# [RECORDS PROVIDED]
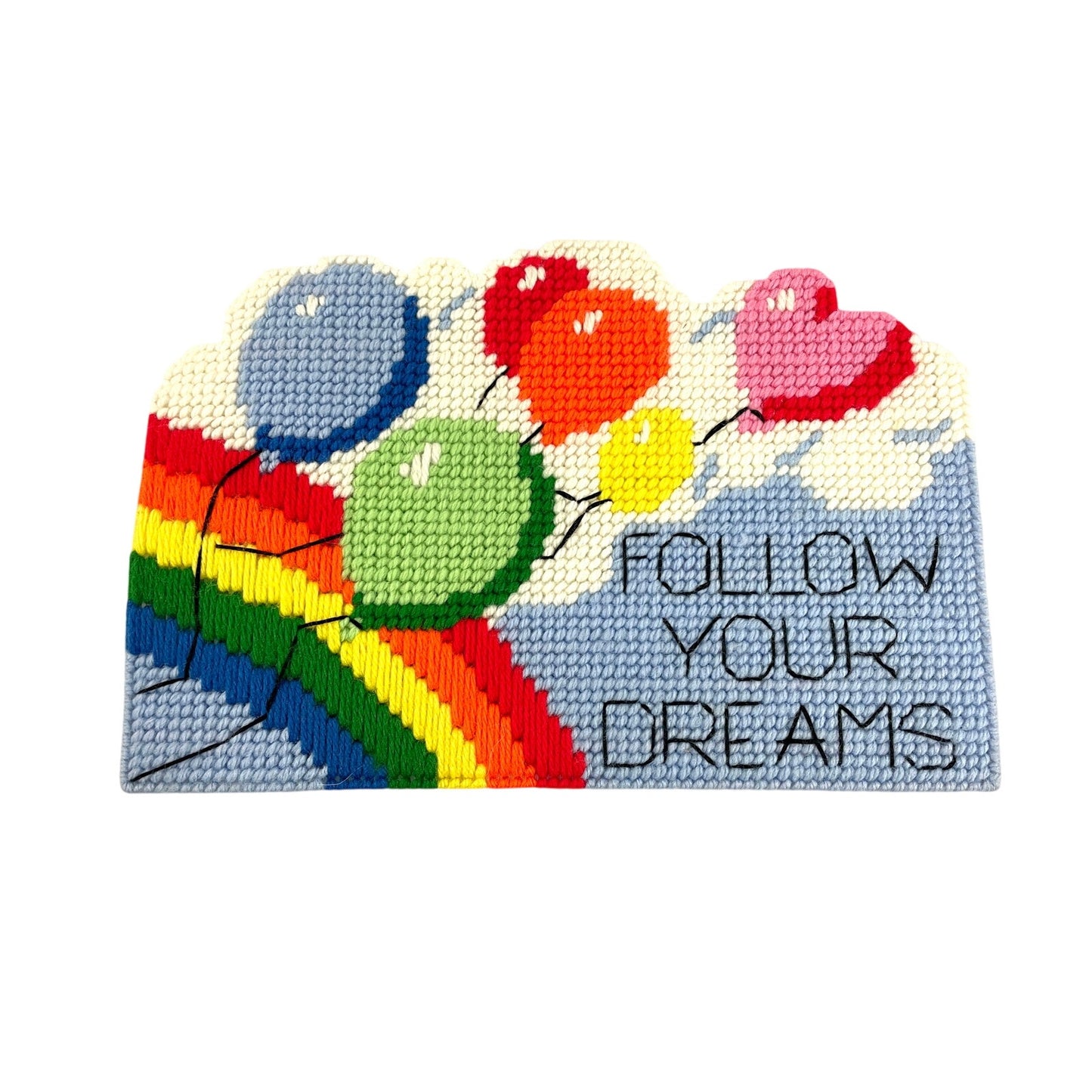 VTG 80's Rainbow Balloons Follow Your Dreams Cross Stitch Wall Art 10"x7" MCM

--

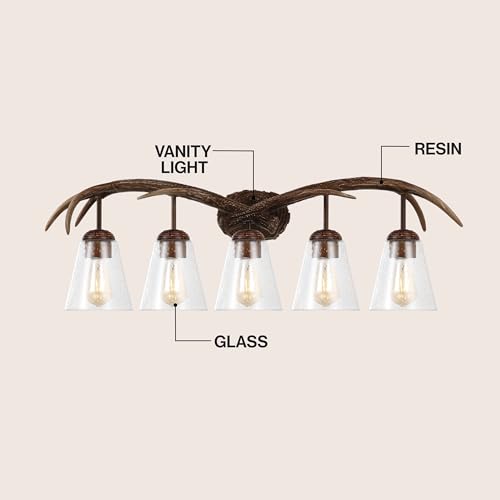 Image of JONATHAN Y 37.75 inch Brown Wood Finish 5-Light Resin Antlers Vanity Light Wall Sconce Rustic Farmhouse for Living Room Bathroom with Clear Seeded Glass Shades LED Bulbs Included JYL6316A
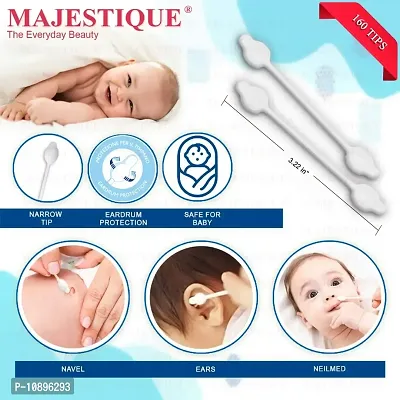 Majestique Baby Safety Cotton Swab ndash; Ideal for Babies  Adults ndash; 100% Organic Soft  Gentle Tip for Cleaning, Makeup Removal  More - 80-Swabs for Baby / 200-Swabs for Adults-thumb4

---

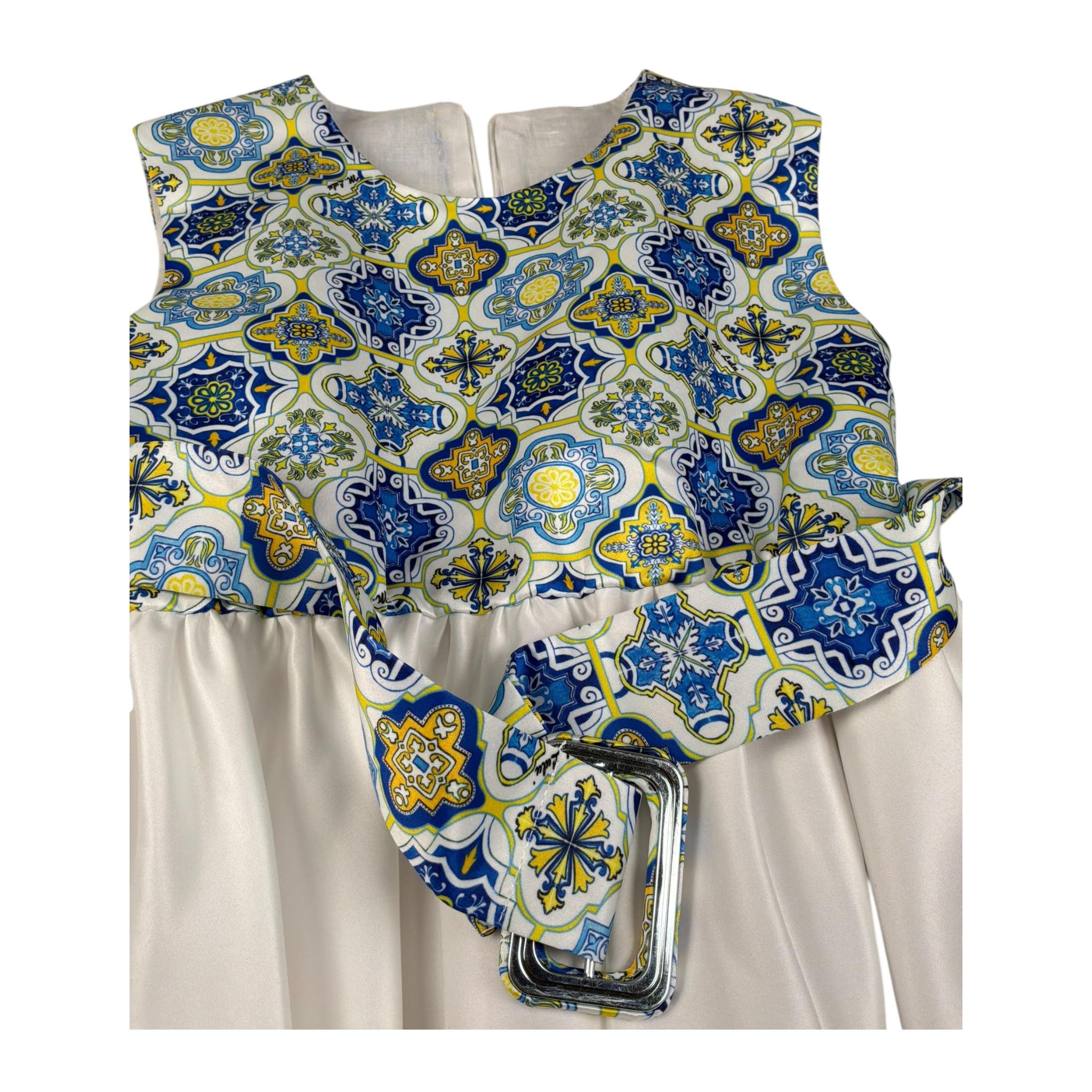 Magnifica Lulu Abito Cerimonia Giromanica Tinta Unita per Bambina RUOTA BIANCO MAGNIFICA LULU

# [AIM OF THE EXERCISE]
Return the material from the line containing "Image of JONATHAN" through the line containing "Majestique Baby Safety", exactly and in full, but without its pictures.

# [TASK ANSWER]
 Image of JONATHAN Y 37.75 inch Brown Wood Finish 5-Light Resin Antlers Vanity Light Wall Sconce Rustic Farmhouse for Living Room Bathroom with Clear Seeded Glass Shades LED Bulbs Included JYL6316A
 Majestique Baby Safety Cotton Swab ndash; Ideal for Babies  Adults ndash; 100% Organic Soft  Gentle Tip for Cleaning, Makeup Removal  More - 80-Swabs for Baby / 200-Swabs for Adults-thumb4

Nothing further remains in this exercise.